What you are asked to do
Transcribe every record verbatim; no pictures.

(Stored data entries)
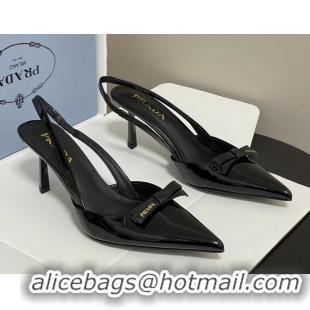Original Cheap Prada Bowknot Black Patent Leather Slingback Pumps 75MM 6051001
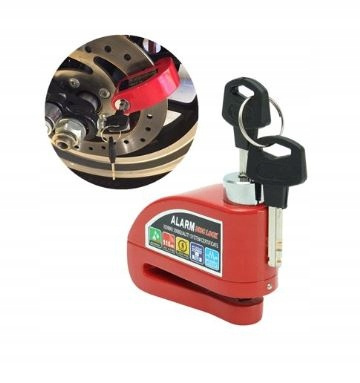 Blokada DISK LOCK Tarczy Hamulcowej Alarm do Xiaomi M365 / PRO / PRO 2 - Czerwony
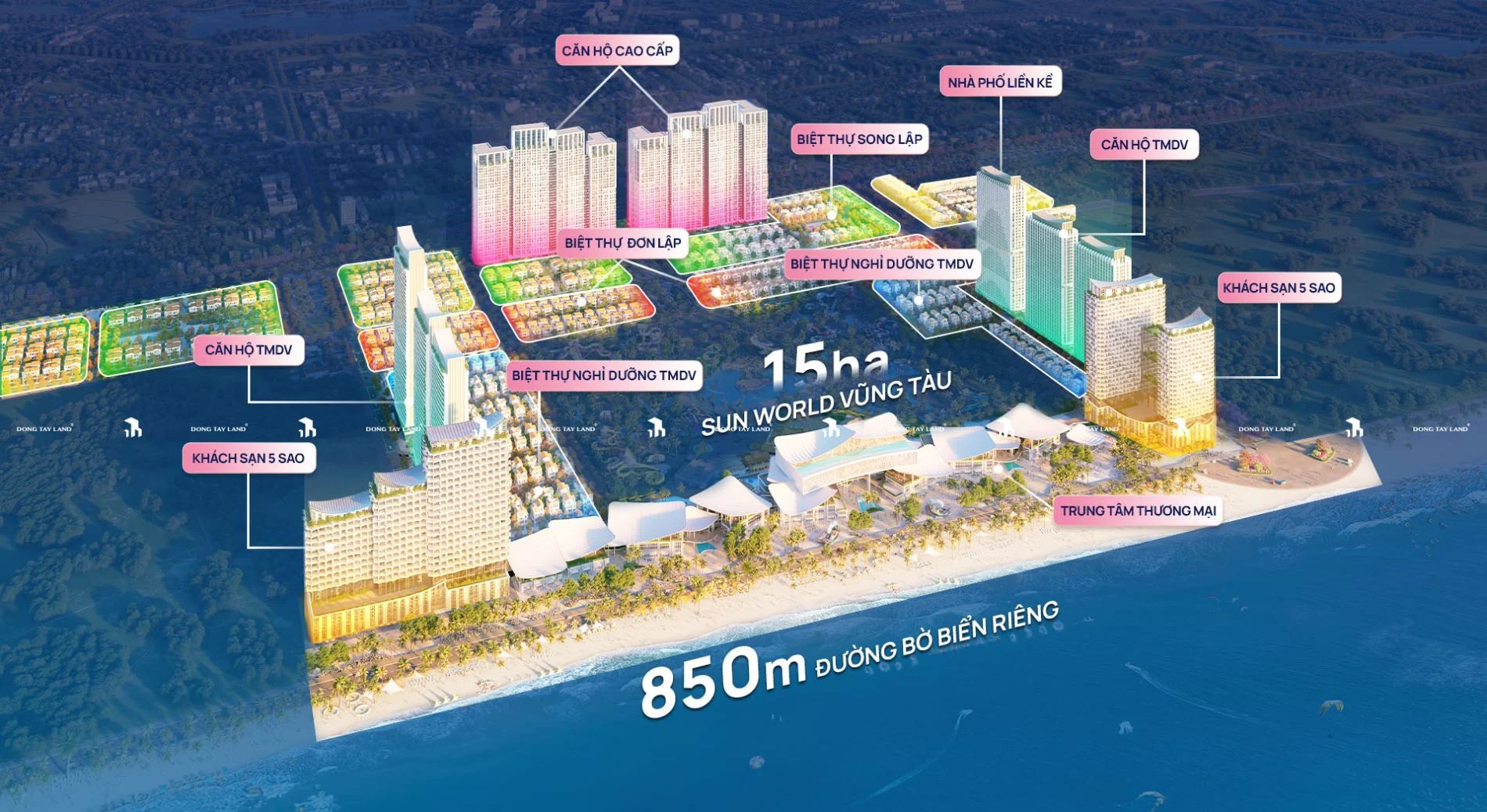 Phối cảnh tổng thể quy hoạch dự án Blanca City Vũng Tàu nhìn từ trên cao ôm trọn bờ biển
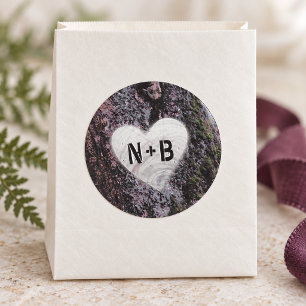 Sticker Rond Evermore Monogramme de mariage de la forêt de fé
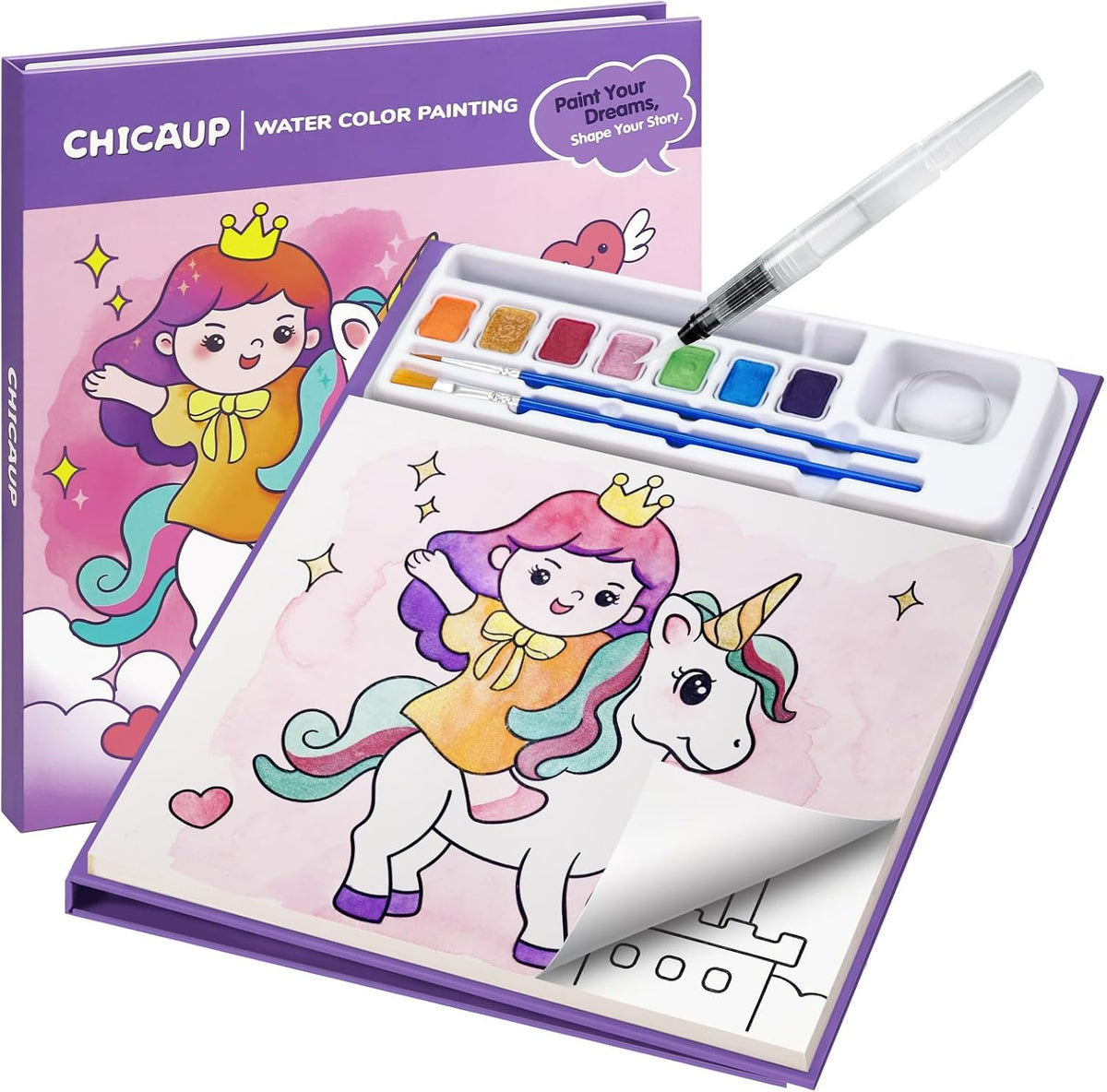 CHICAUP Paint with Water Coloring Books for Kids - Purple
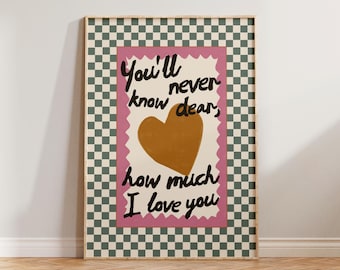 Checkered Nursery Wall Art Print, Nursery Checked Decor, You'll Never Know Dear How Much I Love You Print, Nursery Art, Kids Room Prints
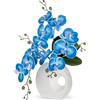 Oairse Pianta artificiale orchidee con ciambella in ceramica, vaso artificiale Phalaenopsis, fiori artificiali, come vero con fiori real-touch, in vaso di ceramica per decorazione da tavolo, decorazione per
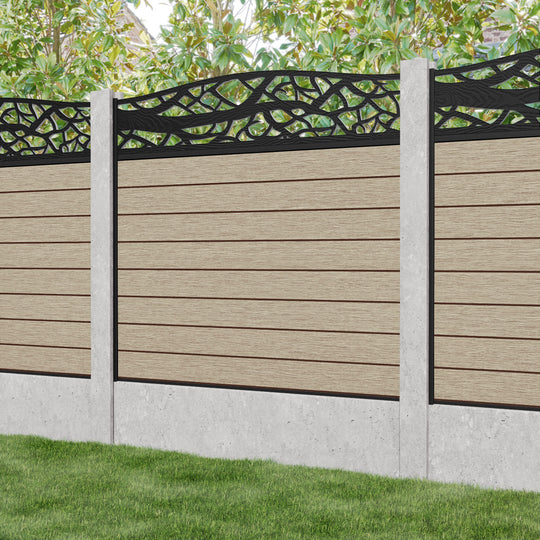 Fusion Twilight Curved Top Fence Panel - Light Oak - for existing concrete posts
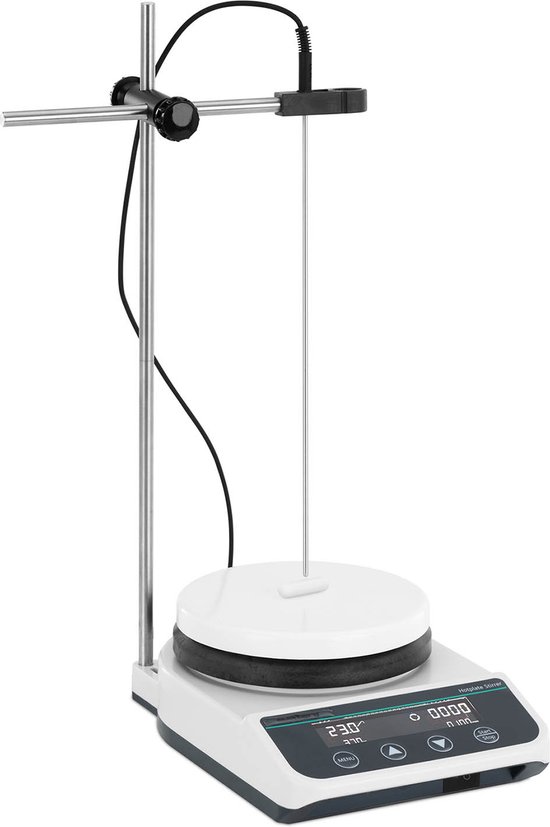 Zilverkleurige staander met sensor boven een witte hotplate stirrer, met digitaal display.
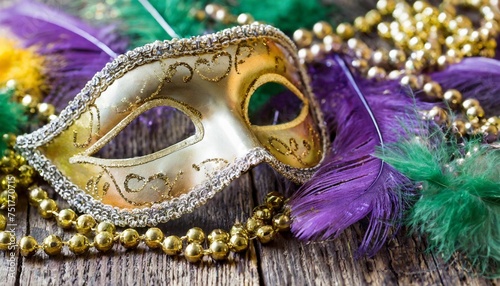 mardi gras mask beads and feathers background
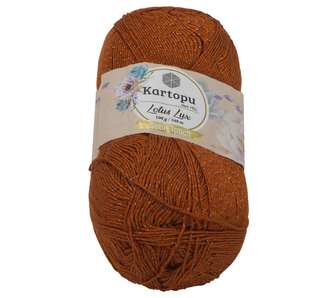 Příze LOTUS LUX - hnědooranžová - 100g / 340 m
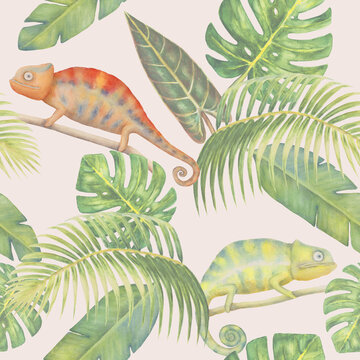 Seamless Watercolor Chameleon Pattern with Tropical Botanical Leaves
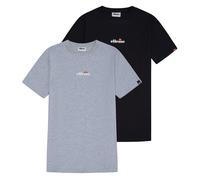 ellesse Herren T-Shirt 2er Pack - OLLIO 2, Kurzarm, Rundhals, Logo, Baumwolle, einfarbig Schwarz/Hellgrau L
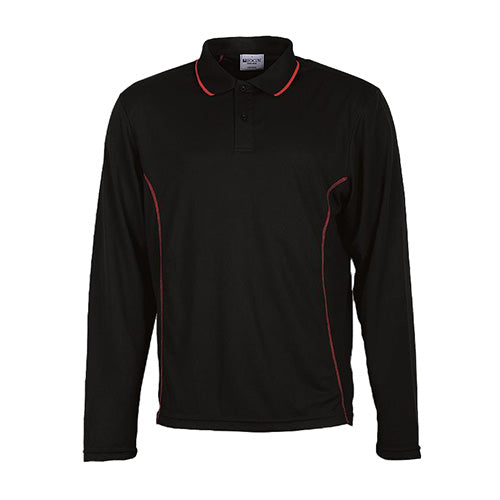 Essentials Unisex Long Sleeve Polo featuring red piping and a striped contrast collar, crafted in 100% polyester breezeway pique knit fabric, ideal for safety and workplace settings.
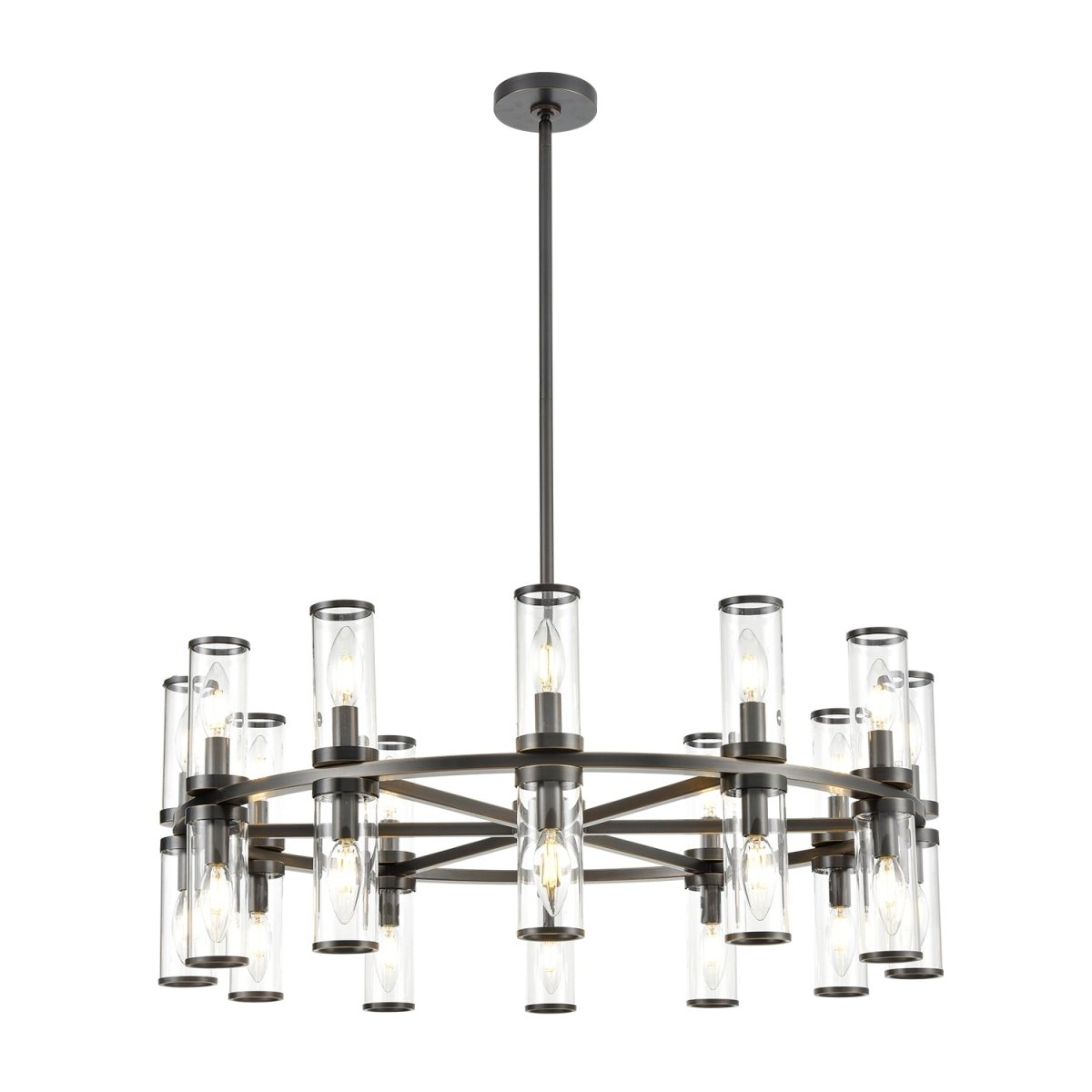 Chandelier Revolve - Verre transparent / bronze urbain 32 3/4" 12 5/8" by Alora Lighting | Luminaires & cie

Response area
Original Cheap Prada Bowknot Black Patent Leather Slingback Pumps 75MM 6051001
 Blokada DISK LOCK Tarczy Hamulcowej Alarm do Xiaomi M365 / PRO / PRO 2 - Czerwony
 Phối cảnh tổng thể quy hoạch dự án Blanca City Vũng Tàu nhìn từ trên cao ôm trọn bờ biển
 Sticker Rond Evermore Monogramme de mariage de la forêt de fé
 CHICAUP Paint with Water Coloring Books for Kids - Purple
 Checkered Nursery Wall Art Print, Nursery Checked Decor, You'll Never Know Dear How Much I Love You Print, Nursery Art, Kids Room Prints
 Oairse Pianta artificiale orchidee con ciambella in ceramica, vaso artificiale Phalaenopsis, fiori artificiali, come vero con fiori real-touch, in vaso di ceramica per decorazione da tavolo, decorazione per
 Fusion Twilight Curved Top Fence Panel - Light Oak - for existing concrete posts
 Zilverkleurige staander met sensor boven een witte hotplate stirrer, met digitaal display.
 mardi gras mask beads and feathers background
 Příze LOTUS LUX - hnědooranžová - 100g / 340 m
 Seamless Watercolor Chameleon Pattern with Tropical Botanical Leaves
 ellesse Herren T-Shirt 2er Pack - OLLIO 2, Kurzarm, Rundhals, Logo, Baumwolle, einfarbig Schwarz/Hellgrau L
 Essentials Unisex Long Sleeve Polo featuring red piping and a striped contrast collar, crafted in 100% polyester breezeway pique knit fabric, ideal for safety and workplace settings.
 Chandelier Revolve - Verre transparent / bronze urbain 32 3/4" 12 5/8" by Alora Lighting | Luminaires & cie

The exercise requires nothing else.